JERUSALEM: The Israeli army on Sunday (August 3) announced the death of Hadar Goldin, the Israeli soldier who went missing in action during fighting in the Gaza Strip two days ago.
"A special committee, led by the IDF (army) chief rabbi, announced the death of the IDF infantry officer of the Givati Brigade, Lieutenant Hadar Goldin, who was killed in battle in the Gaza Strip on Friday," the army said in a statement. An army spokesman refused to confirm or deny that the soldier's remains had been found. The soldier's family has been notified and will receive support, the statement added.
The Israeli side had previously suggested that 23-year-old Goldin had been captured by Hamas fighters in Rafah, southern Gaza. Immediately afterwards, Israel bombarded the Rafah area in shelling that is still ongoing, with medics saying it killed 114 people in 24 hours. Hamas's armed wing, the Ezzedine al-Qassam Brigades, had acknowledged its militants staged an ambush early Friday in which soldiers were killed, but denied holding Goldin.
"We have lost contact with the mujahedeen unit that was in that ambush, and we think that all the fighters in this unit were killed by Zionist shelling along with the soldier, who the enemy says is missing," it said on Saturday.
Israel considers the capture of its soldiers a casus belli. It launched a 34-day war on Lebanon's Hezbollah in 2006 after it seized two soldiers. Late Saturday, Israeli media had watched as Israeli Defence Minister Moshe Yaalon and the army Chief Rabbi Rafi Peretz visited the home of Goldin's parents.
Hundreds of people, including the parents of three young Israelis kidnapped and killed in the Palestinian West Bank in June, also assembled at the Goldin family home in central Kfar Saba. Goldin's mother on Saturday urged Israel army not to pull its troops out of the Gaza Strip, where the conflict has raged for almost four weeks, until her son was brought back.
Both Israel and Hamas vowed Saturday to continue their bloody 26-day confrontation in Gaza, shunning efforts to broker an end to the bloodshed which has claimed more than 1,700 lives. With no resolution in sight, a senior Palestinian delegation landed in Cairo for talks Sunday on an Egyptian ceasefire initiative, but Israel said it was not sending a negotiating team.
"Hamas has proven that it breaches any agreement reached right away, as happened five times in previous truces," deputy foreign minister Tzahi HaNegbi said. "It is therefore unclear at this stage what benefit Israel might see for participating in an attempt to reach agreements, based on the Egyptian initiative."
US Middle East envoy Frank Lowenstein was also expected to arrive for talks, along with Hamas and Islamic Jihad.

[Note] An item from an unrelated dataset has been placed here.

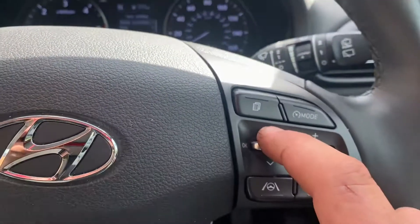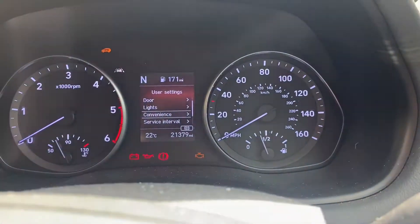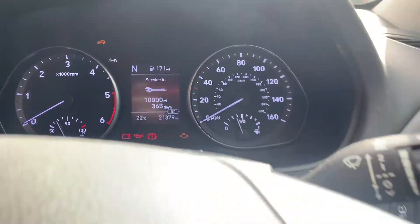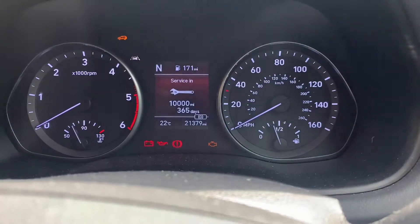There you are, into user settings, and then use the up and down to find service intervals. Navigate to service intervals. You push the button in for okay. Once that comes up — as you can see, I've reset mine — you hold the button in and keep it held in.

The Gaza violence has claimed 1,712 Palestinian lives and displaced up to a quarter of the territory's population. Goldin's death brings the Israeli army death toll to 64 since the start of hostilities on July 8, its heaviest since the 2006 war against the Lebanese Hezbollah.
AS MUCH FORCE AS NEEDED
Earlier Saturday, Israel pulled back troops from two areas in Gaza in what was initially interpreted as a sign it was winding down its biggest military operation there in in decades. But there appeared to be little further indication Israel was planning to wrap up its operations, with Prime Minister Benjamin Netanyahu promising that Hamas would pay "an insufferable price" for continued cross-border rocket fire.
"We will take as much time as necessary, and will exert as much force as needed," he said at a news conference, adding that troops had also dealt a "significant blow" to Hamas's infrastructure. Troops would complete their mission to destroy a complex network of tunnels used by militants to infiltrate southern Israel before the next security objectives would be decided, he said, warning that "all options" were on the table.
A spokesman for the Islamist movement mocked Netanyahu's statements as "confused", and as testimony of the "real crisis" he was facing. "We will continue our resistance till we achieve our goals," Hamas spokesman Fawzi Barhum said. Meanwhile, air strikes and tank fire continued pounding huge areas of southern Gaza into rubble, killing scores more people on Saturday, as militants kept up their cross-border fire, with 56 rockets hitting Israel and another six downed, including two over greater Tel Aviv.